D’après MM. Claude Mandil et Didier Houssin qui ont tous deux, en vertu des textes précités, siégé dans les Conseils d’administration d’Elf et de Total, le rôle de la DIMAH est de définir la politique énergétique et d’assurer le "respect de trois objectifs : la compétitivité de l’économie française en ce qui concerne ses approvisionnements ; la sécurité de ses approvisionnements et de sa couverture énergétique et le respect de l’environnement. Ces trois objectifs sont d’ailleurs ceux reconnus au plan international par l’Agence internationale de l’Energie (AIE) créée par les pays membres de l’OCDE. Un seul est spécifique à l’énergie : la sécurité des approvisionnements."

M. Claude Mandil, actuel directeur délégué de Gaz de France a précisé "qu’en tant que directeur de l’énergie et des matières premières, il n’était pas partie directe à l’action diplomatique de la France pour soutenir les compagnies pétrolières. Dans ce domaine, sa direction avait un simple rôle technique d’appréciation de la qualité des gisements. Elle analysait les perspectives géologiques, alors que le Ministère des Affaires étrangères devait tenir compte de la réalité politique des pays où se situait le gisement."

Il est hautement probable que les possibilités comme la volonté de l’Etat d’intervenir dans la stratégie des compagnies pétrolières françaises sera moindre que par le passé. Mais la mission estime que la DIMAH, ancienne DICA, créée par M. Guillaumat a un rôle bien plus grand. La présence de son directeur dans les conseils d’administration des compagnies pétrolières françaises constitue un lien puissant entre l’Etat qu’il est tenu d’informer et les compagnies pétrolières dont il est l’interlocuteur naturel. Même si au sein du Conseil d’administration des compagnies pétrolières françaises ses pouvoirs sont limités, le directeur de la DIMAH n’est sûrement pas un administrateur comme les autres.

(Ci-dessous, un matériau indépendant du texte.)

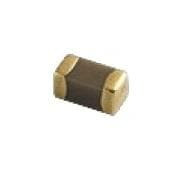 15Pcs GMD155R71E153KA01D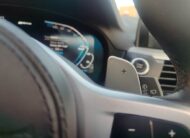 BMW X3 xDrive30e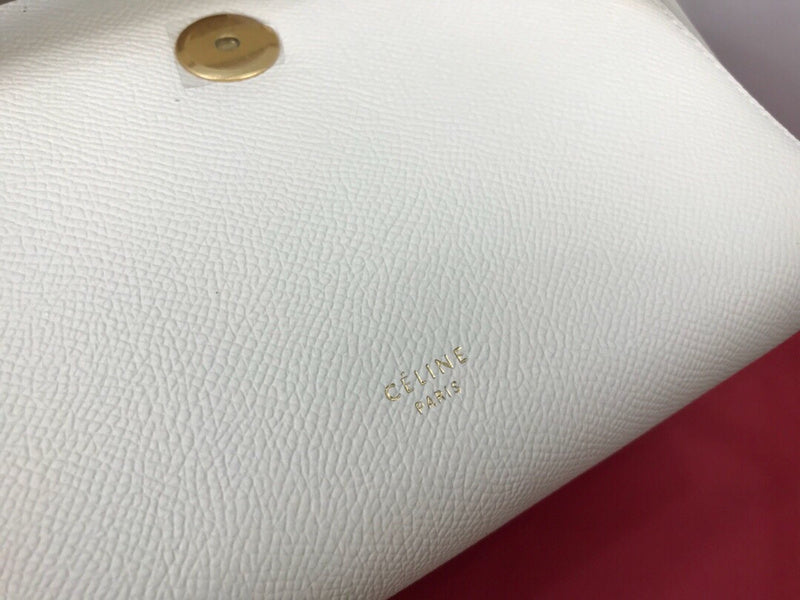 Glami - COL Bags - 159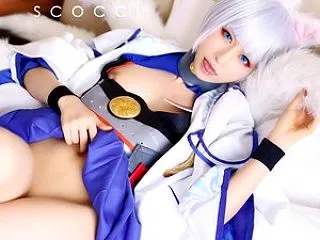 【素人】 ゆうは 3|スコッチ【本編】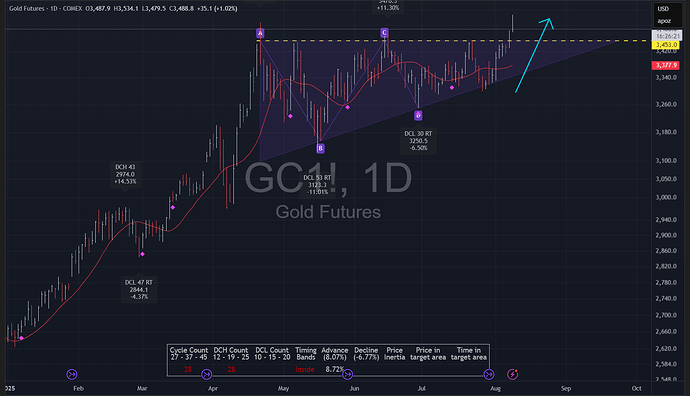 GC1!_2025-08-08_06-43-36_dbbd1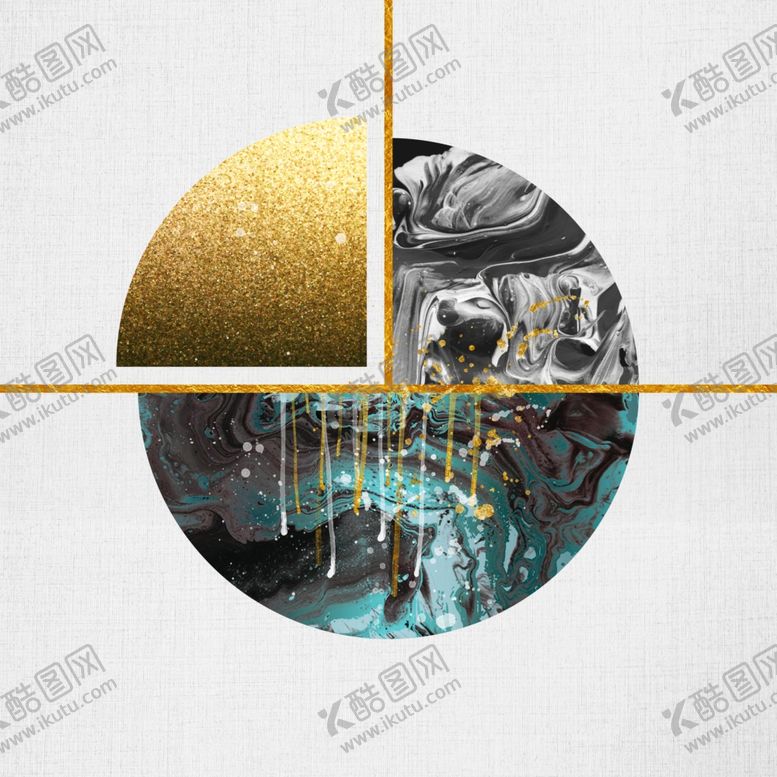 编号：22177110221312008764【酷图网】源文件下载-装饰画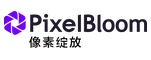 北京像素绽放科技有限公司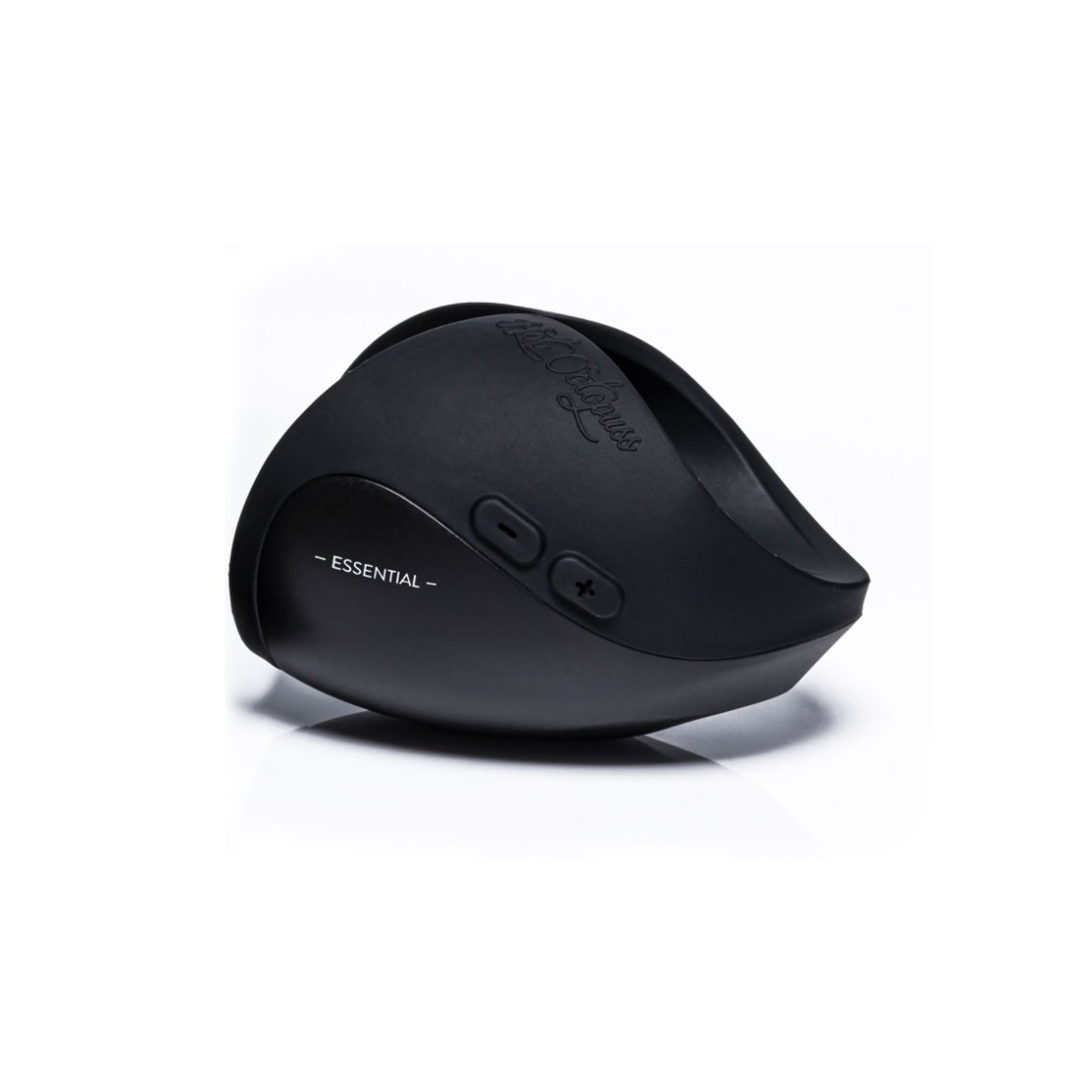 STIMOLATORE PER PENE PULSE II SOLO CON...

Il est amené à connaître les stratégies à court, long et moyen terme des compagnies et peut s’il en a l’ordre, les infléchir. En effet, rendre un avis technique sur la valeur de tel ou tel gisement a un impact très important sur les choix énergétiques de la France comme sur la stratégie des compagnies. Or rien semble-t-il ne fait obligation à la DIMAH de tenir compte de paramètres éthiques.

Pour assurer l’indépendance énergétique de la France, l’Etat assume la défense des intérêts économiques des compagnies pétrolières françaises.